PERHAPS more than any other group, Idaho’s farmers have experienced at first hand the effects of the utility’s transformation. Though Idaho’s economy has diversified in recent years, more than a fifth of its land is devoted to farming — not only to grow Idaho’s world-famous potatoes, but also crops like alfalfa, triticale and oat hay, all of which Mr. Erwin grows.
Vast amounts of energy are required to pump water up to the state’s plains from the Snake River or from wells. The largest farms can use as much electricity as several thousand homes. During the summer, big farms keep their pumps on nearly 24 hours a day, seven days a week.
Until the 1970s, many farmers used gas-powered engines to force water uphill, according to Mr. Erwin. But by offering steep discounts, Idaho Power convinced many of them to put in electric pumps and use them to move water up even taller slopes; the discounts are still in effect. Irrigation accounts for 12 percent of Idaho Power’s electricity load over all — and 23 percent during peak periods.
That’s why, in recent years, Idaho Power decided that farmers could help it reduce the load on sunny summer days, when air-conditioners and other gadgets are on, by turning off their pumps for up to 15 hours a week.
This concept, called demand response, has gained traction in utility circles. In essence, it involves paying users to make small sacrifices when there is an urgent need for extra power (the “peak”). The utility can then rely on cutting some demand on its system at crucial times — and, in theory, avoid the cost of building a new plant just to meet those peak needs.
Yes, rates have to go up a little for everyone to pay for the efficiency measures, but far less than the rates would go
up to build new power plants and transmission. And everyone can take advantage of the efficiency programs to lower their total energy bill:
Ordinary consumers have also been called upon to help with efficiency. These days, most utilities enclose fliers with monthly bills that offer energy-saving tips for appliances and light bulbs, but Idaho Power seems to have taken the campaign to an extreme.
Just before Christmas, the utility bought ads in newspapers flagging “naughty or nice” holiday gifts: an electric charger for a mobile device, for example, was “naughty,” but a solar charger was “nice.” Last October, Idaho Power offered free classes to Boise residents featuring energy-saving tips for cooking (ever tried a solar oven?) and demonstrations on sealing ducts.
Another program, begun last June after a yearlong pilot version, pays individuals 15 cents for each square foot of insulation they put in their attics. “That was a no-brainer,” said Courtney Washburn, a Boise resident who works for the Idaho Conservation League and who received a letter from Idaho Power promoting the insulation rebate.
Ms. Washburn also participates in the utility’s “demand response” program for air-conditioners. More than 32,000 Idaho Power households (out of nearly 407,000 total) have allowed the utility to control their air-conditioners at crucial times.
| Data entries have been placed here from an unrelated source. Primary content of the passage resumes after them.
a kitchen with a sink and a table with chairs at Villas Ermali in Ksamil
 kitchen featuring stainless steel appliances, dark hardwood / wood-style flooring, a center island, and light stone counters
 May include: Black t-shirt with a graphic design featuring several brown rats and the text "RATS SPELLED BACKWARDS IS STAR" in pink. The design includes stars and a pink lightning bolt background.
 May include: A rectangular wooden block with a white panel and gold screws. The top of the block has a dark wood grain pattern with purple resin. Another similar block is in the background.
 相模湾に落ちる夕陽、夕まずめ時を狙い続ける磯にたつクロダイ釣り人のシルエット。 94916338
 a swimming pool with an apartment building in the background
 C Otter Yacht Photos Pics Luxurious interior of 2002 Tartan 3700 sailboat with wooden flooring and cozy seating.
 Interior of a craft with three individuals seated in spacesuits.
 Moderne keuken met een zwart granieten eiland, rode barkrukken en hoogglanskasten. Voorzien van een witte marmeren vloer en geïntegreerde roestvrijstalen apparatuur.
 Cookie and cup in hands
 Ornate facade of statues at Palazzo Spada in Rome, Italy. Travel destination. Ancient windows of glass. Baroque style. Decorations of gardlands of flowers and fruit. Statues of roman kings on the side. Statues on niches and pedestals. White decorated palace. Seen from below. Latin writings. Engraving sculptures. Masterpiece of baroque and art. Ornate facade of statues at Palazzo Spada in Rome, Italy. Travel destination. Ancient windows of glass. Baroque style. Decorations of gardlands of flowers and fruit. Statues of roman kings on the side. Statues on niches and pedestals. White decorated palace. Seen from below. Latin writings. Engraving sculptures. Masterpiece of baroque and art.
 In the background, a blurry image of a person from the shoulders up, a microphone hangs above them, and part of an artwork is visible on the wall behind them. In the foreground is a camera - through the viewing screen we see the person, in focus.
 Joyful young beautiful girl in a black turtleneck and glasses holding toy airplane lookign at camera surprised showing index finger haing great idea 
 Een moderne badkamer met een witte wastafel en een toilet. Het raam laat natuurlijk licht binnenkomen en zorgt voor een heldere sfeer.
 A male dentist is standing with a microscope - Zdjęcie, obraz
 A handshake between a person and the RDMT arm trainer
On a hot summer day, Idaho Power can in essence push a switch that causes devices installed on participating air-conditioning units, like Ms. Washburn’s, to cycle on and off for intervals as long as 15 minutes. Ms. Washburn says she has noticed no difference in temperature, even though a sweltering day is exactly when people want their air-conditioning most. Executives say the program lowers use during peak periods by about 1 percent. Participants are paid $7 a month during the summer.
Ms. Washburn says her electric bill has dropped by about 30 percent as a result of the attic insulation and the $7 credit.
Insulation is a “no brainer.” Tell that to Bill Gates!